Monday, Jul. 14, 1952
Drive-ln Chapels
On hot evenings in Phoenix, Ariz., it is a standard reflex to steer for one of the district's ten drive-in movies. This summer, as an alternative, Phoenix has drive-in religion. Five nights a week, the Rev. George A. Rustad, state director of Arizona's Seventh-Day Adventists, offers two services featuring an uplift movie and a sermon illustrated with colored slides.
Like many a U.S. minister, Adventist Rustad had looked enviously at the movie drive-in crowds. In Yankton, S. Dak. three years ago, he gathered a crowd for a drive-in religious service -- only to have it melt away when an early snowstorm struck. When he went to Arizona, he tried again. Last year, with Adventist Elder Lawrence E. Davidson of Phoenix, he rented a small lot for the purpose. Services went so well that this year the Adventists took over two larger plots, one of them in the Negro section of town.

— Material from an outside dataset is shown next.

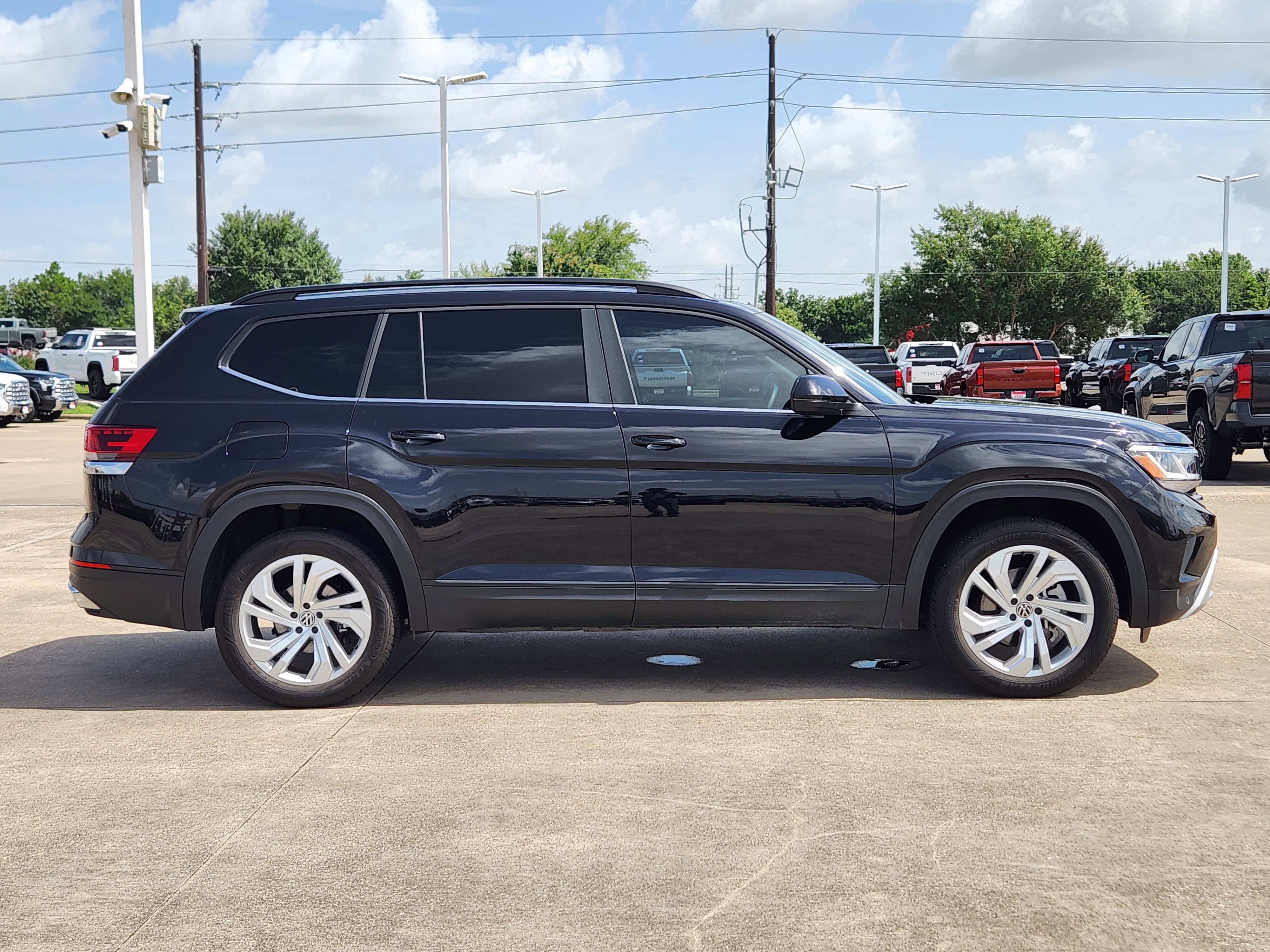 2023 Volkswagen Atlas 3.6L V6 SE Technology Image 4 of 26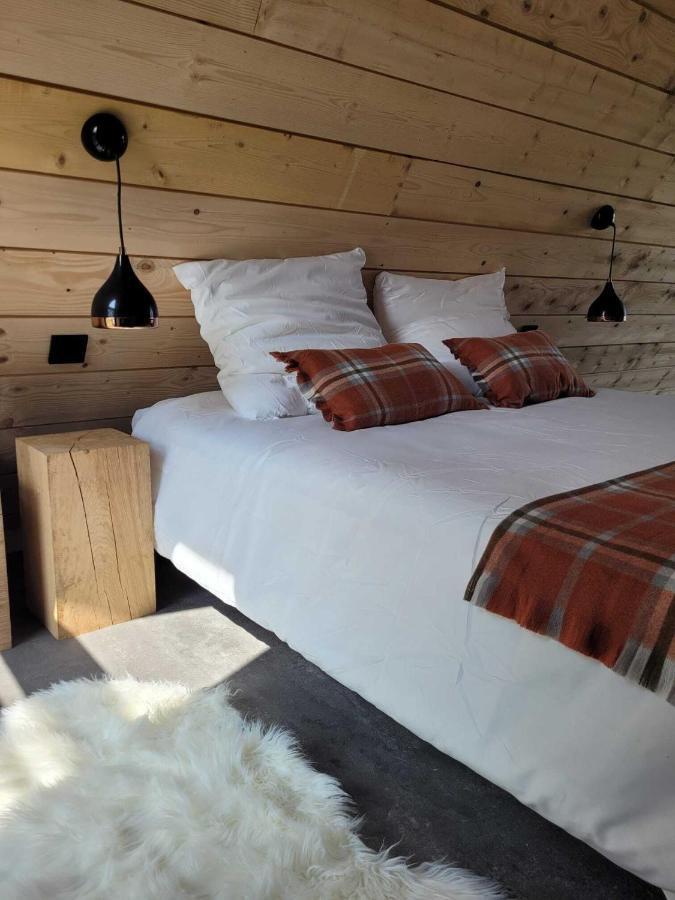 Les Deltas Du Lac Chambon-sur-Lac Room photo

A typical drive-in service begins at 8 p.m. after a half-hour prelude of organ music. Elder Davidson opens with a story for the children, then runs off a 30-minute religious movie, or a "family problem" movie with such titles as Love Thy Neighbor and Honor Thy Family. After a brief prayer, Davidson (or a guest preacher) begins the half-hour illustrated sermon. Since May, both drive-ins have been drawing steady crowds. (Top attendance so far, for a visiting minister: 2,000.) Says Adventist Rustad: "We live in a new age, and the churches should keep moving with the times."